T13A-2960
Plate Tectonics 2.0: Using GPS to Refine Global Crustal Kinematics and Rewrite Textbooks

Monday, 14 December 2015
Poster Hall (Moscone South)
Corné Kreemer1, Geoffrey Blewitt1, Sarah Stamps2 and Elifuraha Saria3, (1)University of Nevada Reno, Nevada Bureau of Mines and Geology, Reno, NV, United States, (2)Virginia Polytechnic Institute and State University, Blacksburg, VA, United States, (3)Ardhi University, Dar Es Salaam, Tanzania
Abstract:
Any model of the Earth's inner workings should be consistent with the observed motion and deformation at its surface. The whole idea that the entire Earth's surface comprises of a dozen or so tectonic plates with no deformation in between them (as most textbooks will tell you) is embarrassingly outdated. The advent of high-precision GNSS measurements of crustal motion has led to the direct observation of plate motion, the confirmation of plate rigidity, and the refinement of crustal kinematics in diffuse plate boundary zones. With the rapidly growing number of continuous GPS (cGPS) stations (as well as campaign-style measurements) some of the earlier results can now be reassessed while at the same time we can continue to quantify the motion and deformation of a large part of the Earth's surface.
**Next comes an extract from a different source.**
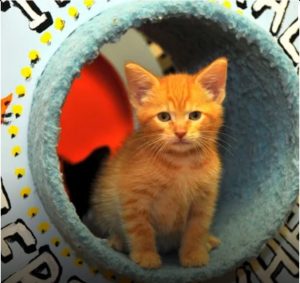 Orange kitten sits in a carpeted cat tree at a shelter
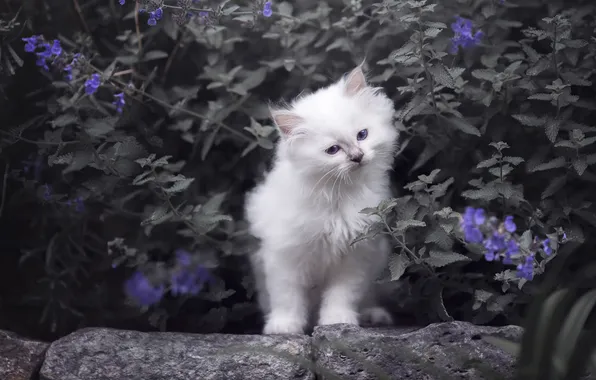 Cat, white, look, leaves, flowers, branches, pose, stones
We present the latest version (v. 2.2) of the Global Strain Rate Model (GSRM), which is almost entirely constrained by horizontal GPS velocities. The model contains the rigid-body rotations of 50 plates as well as strain rate and vorticity estimates at a high spatial resolution for the ~14% of the Earth's surface that is caught up in between the plates. Resulting global or regional maps of dilatation, vorticity, and strain tensor amplitude and style, are poised to augment standard textbook images of plate motions, and we anticipate that they will foster further scientific and educational inquiry.

GSRM v2.2 is constrained by >24,000 velocities. Of those ~7900 were determined by us from time-series that we obtained through a routine processing of all globally available RINEX data. Many of these stations were not installed with the intention to track crustal motions, but often are very usable. This station category is currently the biggest contributor to the data explosion; our solution has >1100 more stations compared with the previous solution of just 18 months ago. We transform to our solution GPS velocities from >250 published studies, >30 more than in the previous solution.